Given the importance of correct positioning of the double-lumen endotracheal tube in one-lung ventilation, the results of a Taiwanese study may have significant implications for patients undergoing the procedure. Researchers there found that use of a wireless, malleable video stylet results in a greater first-time success rate and decreased intubation times than the traditional method of blind intubation confirmed by fiber-optic bronchoscopy.
“Traditionally, the double-lumen endotracheal tube is intubated into the trachea and then rotated 90 degrees counterclockwise to advance slowly and blindly until resistance is met,” said Ping-Tang Chen, MD, a staff anesthesiologist at National Taiwan University Hospital, in Taipei City. “However, malposition is one of the most concerning problems. The Disposcope is a new wireless, malleable video stylet; our goal was to investigate its efficacy with real-time double-lumen placement.”
The researchers enrolled 54 patients into the trial, all of whom were undergoing double-lumen tube placement. Patients were anesthetized according to standard institutional protocol. Vocal cords were visualized using a laryngoscope, and the tube was intubated into the trachea.
Blind Versus Guided
As Dr. Chen reported at the 2016 annual meeting of the American Society of Anesthesiologists (abstract A1099), patients in the control group had the tube advanced blindly to its final position. By comparison, those in the Disposcope-assisted group saw the tip of the stylet placed in the opening of the tube and the image displayed wirelessly on a screen. The tube was then advanced under real-time image guidance.
Auscultation was performed in all patients, and the fiber-optic bronchoscope was inserted to confirm tube position. The researchers compared the first-attempt success rates, time to successful intubation, the incidence of incorrect positioning, the number of adjustment attempts and the number of times needed to adjust tube position. Anesthesia-related parameters, such as pre- and postintubation heart rate, blood pressure and oxygen saturation, were comparable between groups.
It was found that two of the 27 patients in the control group had the tube inserted into the right main bronchus. The tubes were then withdrawn to the midtrachea and reinserted under standard fiber-optic guidance.
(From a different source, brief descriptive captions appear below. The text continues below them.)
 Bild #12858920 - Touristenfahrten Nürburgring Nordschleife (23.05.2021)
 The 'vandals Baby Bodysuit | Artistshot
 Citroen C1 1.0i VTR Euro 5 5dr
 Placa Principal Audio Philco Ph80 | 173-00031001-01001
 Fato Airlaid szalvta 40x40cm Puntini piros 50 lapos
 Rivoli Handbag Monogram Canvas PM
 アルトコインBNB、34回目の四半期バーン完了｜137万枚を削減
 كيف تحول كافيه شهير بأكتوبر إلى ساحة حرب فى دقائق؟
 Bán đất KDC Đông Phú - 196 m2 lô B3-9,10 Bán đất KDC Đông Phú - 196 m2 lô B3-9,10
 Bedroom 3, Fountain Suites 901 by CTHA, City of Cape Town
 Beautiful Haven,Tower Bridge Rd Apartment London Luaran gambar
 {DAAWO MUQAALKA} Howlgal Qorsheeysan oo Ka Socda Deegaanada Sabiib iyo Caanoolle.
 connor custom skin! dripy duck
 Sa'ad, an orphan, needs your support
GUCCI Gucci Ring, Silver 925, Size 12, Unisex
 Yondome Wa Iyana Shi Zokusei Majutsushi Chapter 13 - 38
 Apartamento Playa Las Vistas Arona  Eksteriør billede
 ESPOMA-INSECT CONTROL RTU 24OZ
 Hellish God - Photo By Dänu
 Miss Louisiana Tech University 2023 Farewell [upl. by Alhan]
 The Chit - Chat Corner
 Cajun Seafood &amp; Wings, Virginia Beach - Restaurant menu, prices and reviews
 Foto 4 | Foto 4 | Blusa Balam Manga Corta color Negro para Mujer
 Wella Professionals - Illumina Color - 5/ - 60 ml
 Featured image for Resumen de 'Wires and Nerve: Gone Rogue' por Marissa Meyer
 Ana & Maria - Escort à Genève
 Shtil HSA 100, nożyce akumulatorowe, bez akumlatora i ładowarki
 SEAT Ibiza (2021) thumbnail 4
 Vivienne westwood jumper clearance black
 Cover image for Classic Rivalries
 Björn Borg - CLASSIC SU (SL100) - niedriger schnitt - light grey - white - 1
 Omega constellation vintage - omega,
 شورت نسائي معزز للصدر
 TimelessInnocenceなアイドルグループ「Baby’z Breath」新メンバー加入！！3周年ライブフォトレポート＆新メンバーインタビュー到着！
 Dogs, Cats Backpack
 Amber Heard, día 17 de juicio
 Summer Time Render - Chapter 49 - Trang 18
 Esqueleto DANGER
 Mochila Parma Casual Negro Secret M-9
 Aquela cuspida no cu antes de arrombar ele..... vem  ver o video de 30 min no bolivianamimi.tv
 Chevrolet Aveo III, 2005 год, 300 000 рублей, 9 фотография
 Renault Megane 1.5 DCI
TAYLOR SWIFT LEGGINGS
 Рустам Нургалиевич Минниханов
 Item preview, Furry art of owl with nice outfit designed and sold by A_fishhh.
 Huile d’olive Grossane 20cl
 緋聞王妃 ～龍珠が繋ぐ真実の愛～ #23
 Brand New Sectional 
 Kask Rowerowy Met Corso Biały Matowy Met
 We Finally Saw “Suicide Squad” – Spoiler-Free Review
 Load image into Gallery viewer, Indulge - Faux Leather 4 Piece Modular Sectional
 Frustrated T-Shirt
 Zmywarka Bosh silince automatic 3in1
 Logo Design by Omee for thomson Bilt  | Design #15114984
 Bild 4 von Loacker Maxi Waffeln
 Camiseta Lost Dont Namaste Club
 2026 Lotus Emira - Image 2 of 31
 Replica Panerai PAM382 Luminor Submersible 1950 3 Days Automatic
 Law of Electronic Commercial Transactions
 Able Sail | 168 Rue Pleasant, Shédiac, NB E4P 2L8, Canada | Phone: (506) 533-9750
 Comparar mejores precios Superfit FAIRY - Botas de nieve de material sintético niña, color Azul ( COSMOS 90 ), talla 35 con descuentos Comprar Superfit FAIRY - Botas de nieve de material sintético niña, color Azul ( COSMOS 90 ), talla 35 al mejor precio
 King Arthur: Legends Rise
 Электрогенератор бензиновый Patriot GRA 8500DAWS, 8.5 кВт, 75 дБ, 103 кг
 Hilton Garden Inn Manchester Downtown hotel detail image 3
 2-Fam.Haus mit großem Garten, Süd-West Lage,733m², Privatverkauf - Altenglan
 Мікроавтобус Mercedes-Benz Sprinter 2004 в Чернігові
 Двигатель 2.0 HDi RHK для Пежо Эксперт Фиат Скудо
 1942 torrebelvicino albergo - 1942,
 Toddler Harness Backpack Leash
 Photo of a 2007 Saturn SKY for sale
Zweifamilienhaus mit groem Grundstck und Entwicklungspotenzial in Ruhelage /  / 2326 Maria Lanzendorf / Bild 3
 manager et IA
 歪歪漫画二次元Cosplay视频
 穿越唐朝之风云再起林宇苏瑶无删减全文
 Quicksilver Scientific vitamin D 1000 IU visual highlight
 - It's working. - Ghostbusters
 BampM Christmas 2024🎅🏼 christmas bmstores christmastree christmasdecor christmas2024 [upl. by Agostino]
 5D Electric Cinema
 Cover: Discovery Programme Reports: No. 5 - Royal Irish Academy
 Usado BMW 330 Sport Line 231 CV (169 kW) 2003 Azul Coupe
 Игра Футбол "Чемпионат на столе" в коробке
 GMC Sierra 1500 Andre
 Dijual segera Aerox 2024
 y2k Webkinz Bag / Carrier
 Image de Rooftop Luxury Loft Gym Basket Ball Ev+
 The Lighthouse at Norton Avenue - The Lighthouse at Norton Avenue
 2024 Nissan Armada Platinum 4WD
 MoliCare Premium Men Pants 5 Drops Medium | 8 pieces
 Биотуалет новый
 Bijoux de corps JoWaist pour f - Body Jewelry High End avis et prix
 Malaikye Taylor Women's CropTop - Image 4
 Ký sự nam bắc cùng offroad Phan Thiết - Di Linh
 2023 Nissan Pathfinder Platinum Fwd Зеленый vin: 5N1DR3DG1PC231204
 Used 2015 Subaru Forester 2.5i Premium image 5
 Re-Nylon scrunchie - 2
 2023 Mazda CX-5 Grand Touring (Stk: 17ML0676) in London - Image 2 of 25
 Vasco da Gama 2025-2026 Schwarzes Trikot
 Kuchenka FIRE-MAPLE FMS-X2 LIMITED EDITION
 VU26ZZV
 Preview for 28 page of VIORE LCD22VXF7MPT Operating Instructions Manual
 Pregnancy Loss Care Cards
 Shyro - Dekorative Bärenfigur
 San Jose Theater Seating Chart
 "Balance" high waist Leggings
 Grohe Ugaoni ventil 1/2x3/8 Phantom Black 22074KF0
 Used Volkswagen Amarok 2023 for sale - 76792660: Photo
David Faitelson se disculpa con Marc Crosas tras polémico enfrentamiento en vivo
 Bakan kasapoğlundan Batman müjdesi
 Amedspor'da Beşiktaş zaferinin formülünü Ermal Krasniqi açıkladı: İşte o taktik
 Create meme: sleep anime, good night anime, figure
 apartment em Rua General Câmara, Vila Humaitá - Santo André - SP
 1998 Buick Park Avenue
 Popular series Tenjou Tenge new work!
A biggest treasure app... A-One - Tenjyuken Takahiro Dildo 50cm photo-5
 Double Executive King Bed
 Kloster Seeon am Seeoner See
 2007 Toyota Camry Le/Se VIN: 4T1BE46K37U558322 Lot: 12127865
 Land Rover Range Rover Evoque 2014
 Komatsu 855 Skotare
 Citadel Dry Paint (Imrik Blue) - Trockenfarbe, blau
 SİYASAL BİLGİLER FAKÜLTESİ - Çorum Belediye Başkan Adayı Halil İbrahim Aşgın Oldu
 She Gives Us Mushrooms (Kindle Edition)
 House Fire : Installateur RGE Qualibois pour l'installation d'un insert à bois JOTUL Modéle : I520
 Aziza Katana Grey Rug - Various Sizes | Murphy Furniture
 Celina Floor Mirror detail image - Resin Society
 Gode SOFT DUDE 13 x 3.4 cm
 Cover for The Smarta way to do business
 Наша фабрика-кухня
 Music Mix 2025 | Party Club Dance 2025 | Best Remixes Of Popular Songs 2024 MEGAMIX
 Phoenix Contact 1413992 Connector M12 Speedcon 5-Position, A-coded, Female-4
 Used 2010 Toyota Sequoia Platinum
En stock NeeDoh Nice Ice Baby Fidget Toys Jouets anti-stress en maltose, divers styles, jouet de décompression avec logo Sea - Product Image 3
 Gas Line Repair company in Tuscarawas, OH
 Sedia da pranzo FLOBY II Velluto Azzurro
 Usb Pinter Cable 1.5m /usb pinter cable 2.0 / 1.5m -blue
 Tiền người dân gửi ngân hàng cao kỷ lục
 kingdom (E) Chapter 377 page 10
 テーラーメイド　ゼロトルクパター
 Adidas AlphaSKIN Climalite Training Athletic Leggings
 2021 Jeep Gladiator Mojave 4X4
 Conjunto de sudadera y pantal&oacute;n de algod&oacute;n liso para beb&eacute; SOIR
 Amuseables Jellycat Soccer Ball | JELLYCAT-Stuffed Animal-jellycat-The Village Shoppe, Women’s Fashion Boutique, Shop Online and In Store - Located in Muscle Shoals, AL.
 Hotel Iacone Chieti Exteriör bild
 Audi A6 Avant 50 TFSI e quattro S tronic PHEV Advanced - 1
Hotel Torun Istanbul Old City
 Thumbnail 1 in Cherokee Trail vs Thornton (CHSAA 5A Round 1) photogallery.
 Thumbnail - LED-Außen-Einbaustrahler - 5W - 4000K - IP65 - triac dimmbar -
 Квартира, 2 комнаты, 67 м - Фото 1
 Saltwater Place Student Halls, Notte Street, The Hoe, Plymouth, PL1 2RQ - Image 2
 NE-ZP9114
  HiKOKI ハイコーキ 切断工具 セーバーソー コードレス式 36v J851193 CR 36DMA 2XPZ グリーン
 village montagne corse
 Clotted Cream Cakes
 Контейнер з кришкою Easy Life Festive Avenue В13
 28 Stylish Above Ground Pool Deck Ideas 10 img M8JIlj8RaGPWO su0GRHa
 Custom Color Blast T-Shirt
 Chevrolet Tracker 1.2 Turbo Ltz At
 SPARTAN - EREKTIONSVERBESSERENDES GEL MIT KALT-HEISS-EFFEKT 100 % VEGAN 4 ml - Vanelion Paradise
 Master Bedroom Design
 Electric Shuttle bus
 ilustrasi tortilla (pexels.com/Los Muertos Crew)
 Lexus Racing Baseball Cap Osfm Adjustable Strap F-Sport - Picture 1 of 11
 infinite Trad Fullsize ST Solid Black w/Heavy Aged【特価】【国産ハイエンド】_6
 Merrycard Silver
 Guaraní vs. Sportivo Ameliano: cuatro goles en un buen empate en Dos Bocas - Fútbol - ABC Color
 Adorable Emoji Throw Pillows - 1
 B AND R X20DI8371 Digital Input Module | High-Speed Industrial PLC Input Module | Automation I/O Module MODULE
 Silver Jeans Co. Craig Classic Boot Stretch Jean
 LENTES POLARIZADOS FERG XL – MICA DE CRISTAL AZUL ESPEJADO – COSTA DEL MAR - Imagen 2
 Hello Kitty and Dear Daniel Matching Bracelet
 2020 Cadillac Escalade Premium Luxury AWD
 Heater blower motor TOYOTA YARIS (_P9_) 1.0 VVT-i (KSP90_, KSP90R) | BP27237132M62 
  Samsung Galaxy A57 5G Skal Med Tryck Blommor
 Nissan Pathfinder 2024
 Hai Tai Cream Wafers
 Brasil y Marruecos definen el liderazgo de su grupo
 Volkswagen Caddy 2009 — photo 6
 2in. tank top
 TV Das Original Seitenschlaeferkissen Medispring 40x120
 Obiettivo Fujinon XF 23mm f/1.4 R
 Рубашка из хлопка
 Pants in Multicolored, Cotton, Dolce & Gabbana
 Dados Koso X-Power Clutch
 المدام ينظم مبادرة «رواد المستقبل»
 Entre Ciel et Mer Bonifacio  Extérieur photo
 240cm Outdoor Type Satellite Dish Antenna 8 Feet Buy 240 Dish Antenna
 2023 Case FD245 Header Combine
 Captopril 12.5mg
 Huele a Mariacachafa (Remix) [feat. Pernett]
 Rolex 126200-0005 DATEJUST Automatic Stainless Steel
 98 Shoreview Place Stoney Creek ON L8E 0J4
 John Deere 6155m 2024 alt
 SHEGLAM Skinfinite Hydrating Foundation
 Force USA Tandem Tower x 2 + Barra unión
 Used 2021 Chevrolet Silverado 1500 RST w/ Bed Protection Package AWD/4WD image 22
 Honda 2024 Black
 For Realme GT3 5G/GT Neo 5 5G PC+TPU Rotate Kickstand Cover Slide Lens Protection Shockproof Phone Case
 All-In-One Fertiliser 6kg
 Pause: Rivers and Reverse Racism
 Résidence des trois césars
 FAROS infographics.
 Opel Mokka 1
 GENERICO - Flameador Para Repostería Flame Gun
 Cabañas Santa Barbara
By comparison, all patients in the experimental group had the tube inserted to the left main bronchus under real-time guidance.
Although the majority of double-lumen tubes in controls were inserted too deeply during fiber-optic bronchoscope confirmation and needed to be withdrawn to the final position, 24 of those in the Disposcope group were inserted to the final position without the need for adjustment.
“We also found that the total procedure time [155.0 vs. 130.6 seconds] and total intubation time [21.5 vs. 18.5 seconds] were both less in the Disposcope group,” Dr. Chen explained. Laryngoscopy time, on the other hand, was comparable between groups (7.5 vs. 7.2 seconds), as was tracheal intubation time (11.8 vs. 10.5 seconds). Perhaps not surprisingly, auscultation time was longer in patients undergoing traditional intubation (15.2 vs. 12.8 seconds), as was the time required to confirm and adjust tube placement (15.6 vs. 7.3 seconds).
Devices such as this, the investigators concluded, ultimately may prove useful in providing real-time double-lumen tube insertion, thereby obviating the need for both acoustic and fiber-optic bronchoscope confirmation of correct endobronchial tube position.
“So now we have changed the way we practice in chest surgery,” Dr. Chen noted. “We use real-time insertion by using this video stylet. And we found this is a powerful and effective way for us to place the endotracheal tube into the correct position.”
Session co-moderator Uday Jain, MD, PhD, staff anesthesiologist at Alameda Health System, in Oakland, Calif., was quick to point out the availability of alternative approaches. “Let’s also remember that there are double-lumen endotracheal tubes with a camera chip built into the tip,” Dr. Jain noted. “Also, in many institutions two providers are used for double-lumen tube insertion, one slowly advancing the tube and the other observing through the fiber-optic bronchoscope inside the tube.”